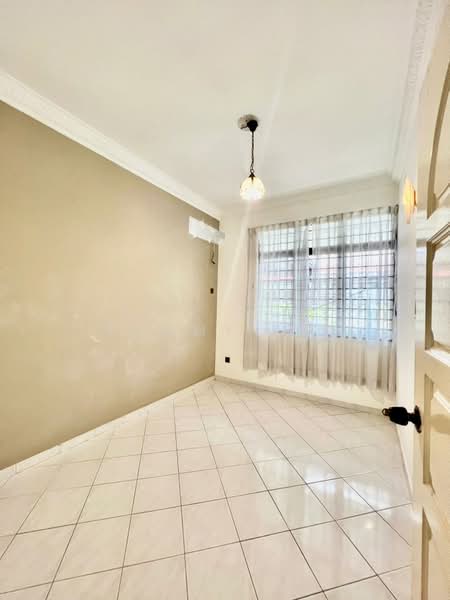 Semi-Detached House for Sale in Taman Molek (Johor Bahru) - Tommy Tai - Interior - PropertyGuru.com.my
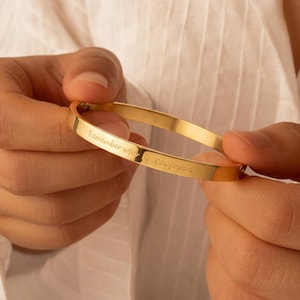 Pulsera personalizada con mensaje inspirador grabado, pulsera de oro de 18 quilates para mujer, pulsera informativa para parejas, pulsera con nombre grabado para personalizar, regalo para el Día de la Madre.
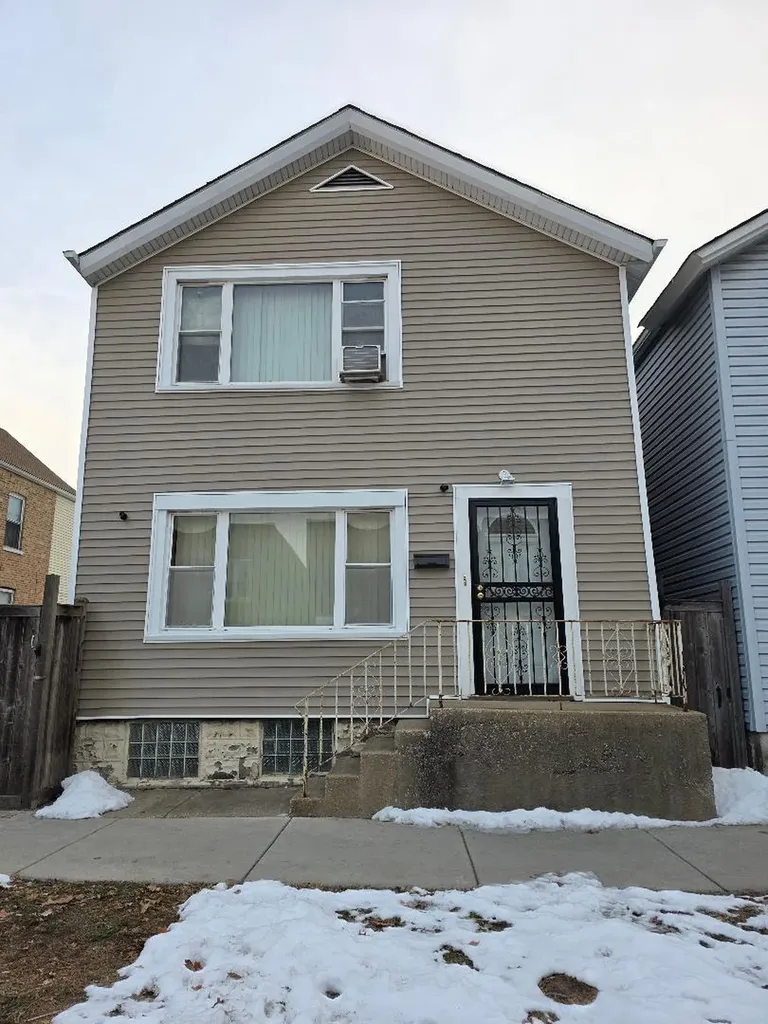 1712 West 33rd Place Chicago IL 60608
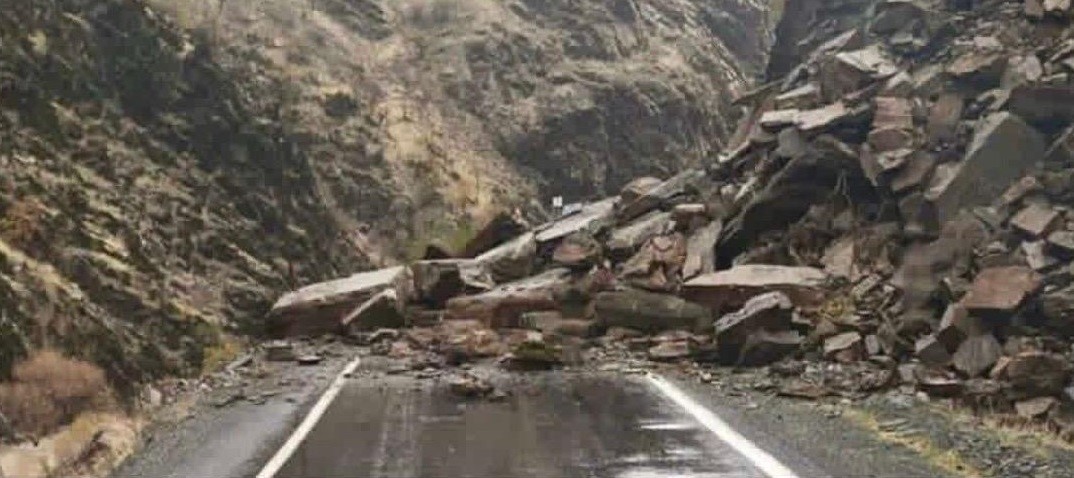 Şırnak’ta heyelan alarmı: Beytüşşebap yolu ulaşıma kapandı
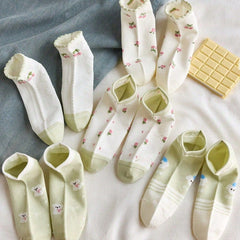 Cute Tulip & Cherry Print Ankle Socks, Coquette Green Ruffle Trim Socks, Women's Sweet Floral Knit Socks For Daily Wear & Preppy Style
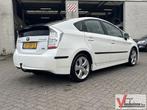 Toyota Prius 1.8 Aspiration | Leder | Climate | Cruise | PDC, Automaat, Wit, Bedrijf, Berline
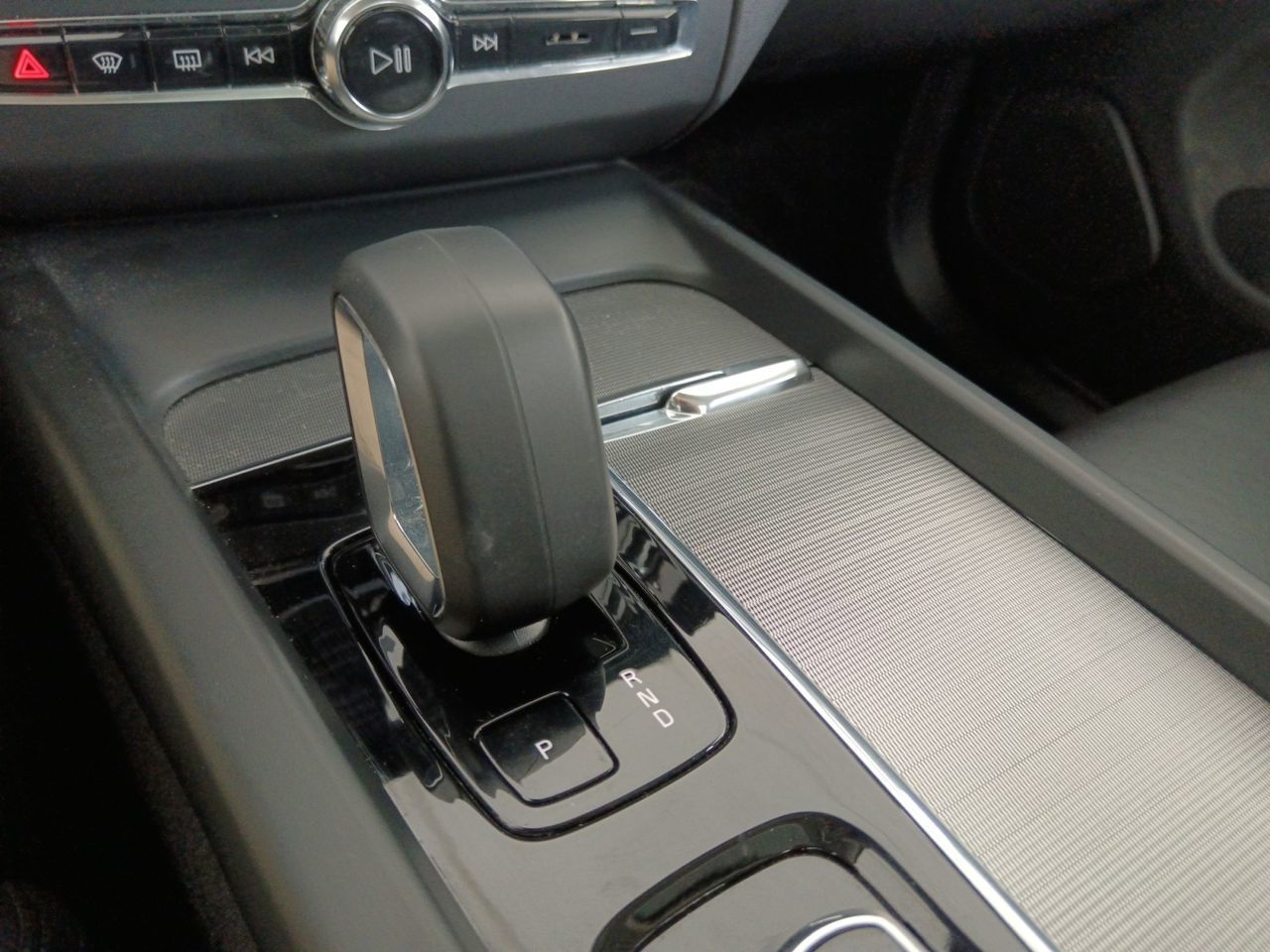 Volvo XC60 B4 D Plus Dark - foto 14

========

All entries must be output unchanged, with every picture omitted.

**TASK RESULT**.
 Semi-Detached House for Sale in Taman Molek (Johor Bahru) - Tommy Tai - Interior - PropertyGuru.com.my
 Pulsera personalizada con mensaje inspirador grabado, pulsera de oro de 18 quilates para mujer, pulsera informativa para parejas, pulsera con nombre grabado para personalizar, regalo para el Día de la Madre.
 1712 West 33rd Place Chicago IL 60608
 Şırnak’ta heyelan alarmı: Beytüşşebap yolu ulaşıma kapandı
 Cute Tulip & Cherry Print Ankle Socks, Coquette Green Ruffle Trim Socks, Women's Sweet Floral Knit Socks For Daily Wear & Preppy Style
 Toyota Prius 1.8 Aspiration | Leder | Climate | Cruise | PDC, Automaat, Wit, Bedrijf, Berline
 Volvo XC60 B4 D Plus Dark - foto 14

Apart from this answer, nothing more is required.